That was enough to send me back to reading the Odyssey and I think the following passage that depicts Halitherses’  “preaching” worth quoting in full. I conclude with another in which Louden shows us that the message of the return of the king to his kingdom in the Odyssey is in a sense called “good news”, a word very similar to “gospel”.

In Book 2 of the Odyssey the son of Odysseus calls an assembly of nobles and begins to berate them for outwearing their welcome at his palace in his father’s absence.

As he spoke Zeus, who is said to speak from heaven to those afar off on earth, sent down two eagles from Mount Olympus as a sign to all. At this point an elderly prophet, one who surpassed all others with his gift, Halitherses (a name that means Sea-Bold), stood up and explained what this omen meant in a prophecy.

The passage is interesting for the echoes we hear of the message of John the Baptist at the outset of the Jesus story. I’ve hinted at a few in the preceding paragraph. There is also the message that the king is about to return — very soon — and bring judgment with him. One cannot imagine a starker contrast to the image of a dove, however, than two eagles coming down and threatening death to all the onlookers. Transvaluation?

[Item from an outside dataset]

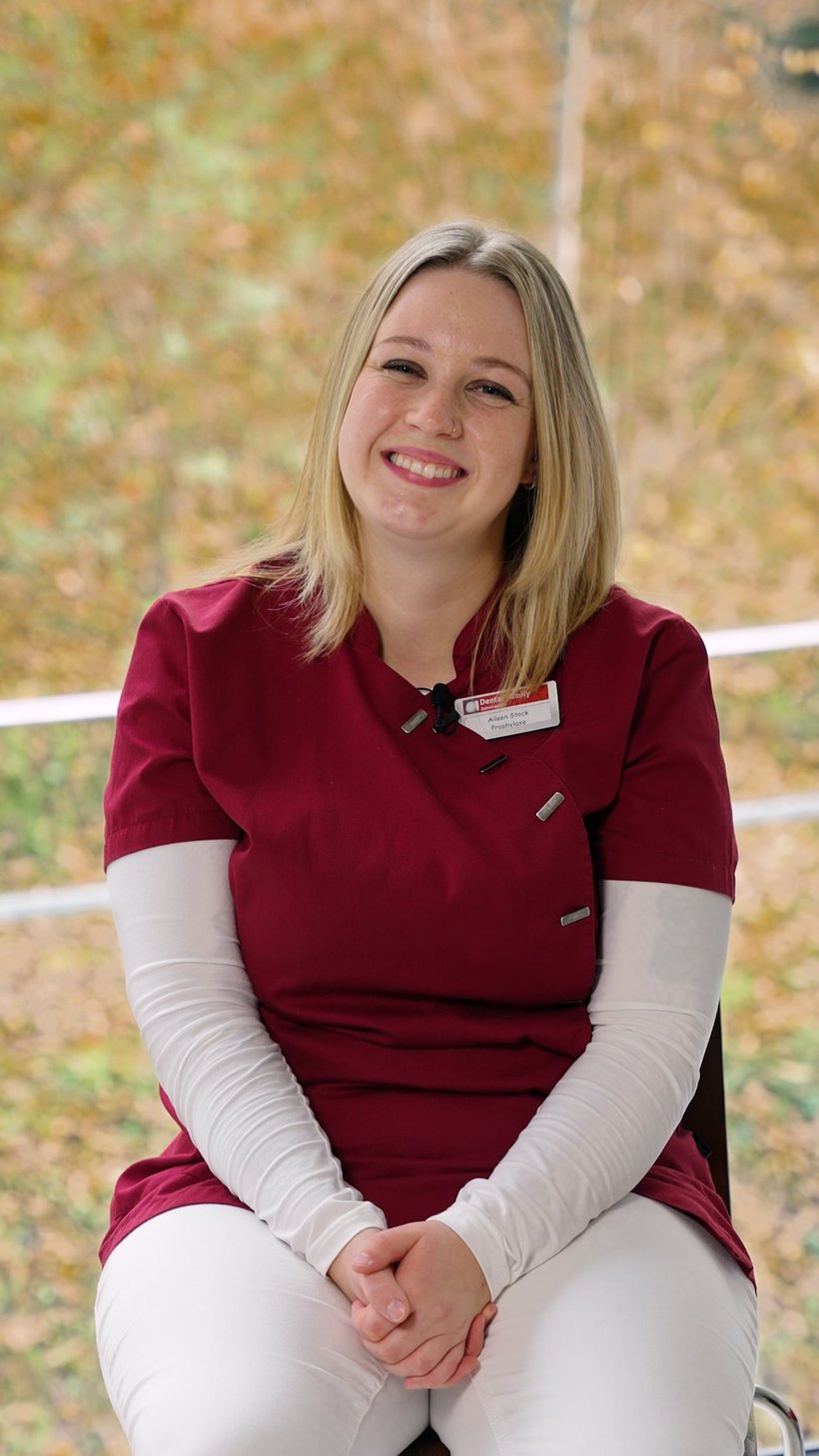 Aileen, Mitarbeiterin bei Dental Family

So spoke Telemachus, and in answer Zeus, whose voice is borne afar, sent forth two eagles, flying from on high, from a mountain peak. For a time they flew swift as the blasts of the wind side by side with wings outspread; but when they reached the middle of the many-voiced assembly, then they wheeled about, flapping their wings rapidly, and down on the heads of all they looked, and death was in their glare. Then they tore with their talons one another’s cheeks and necks on either side, and darted away to the right across the houses and the city of the men.

But they were seized with wonder at the birds when their eyes beheld them, and pondered in their hearts on what was to come to pass.

Then among them spoke the old lord Halitherses, son of Mastor, for he surpassed all men of his day in knowledge of birds and in uttering words of fate. He with good intent addressed their assembly, and spoke among them:

“Hearken now to me, men of Ithaca, to the word that I shall say; and to the wooers especially do I declare and announce these things, since on them a great woe is rolling. For Odysseus shall not long be away from his friends, but even now, methinks, he is near, and is sowing death and fate for these men, one and all. Aye, and to many others of us also who dwell in clear-seen Ithaca will he be a bane. But long ere that let us take thought how we may make an end of this—or rather let them of themselves make an end, for this is straightway the better course for them. Not as one untried do I prophesy, but with sure knowledge. For unto Odysseus I declare that all things are fulfilled even as I told him, when the Argives embarked for Ilios and with them went Odysseus of many wiles. I declared that after suffering many ills and losing all his comrades he would come home in the twentieth year unknown to all; and lo, all this is now being brought to pass.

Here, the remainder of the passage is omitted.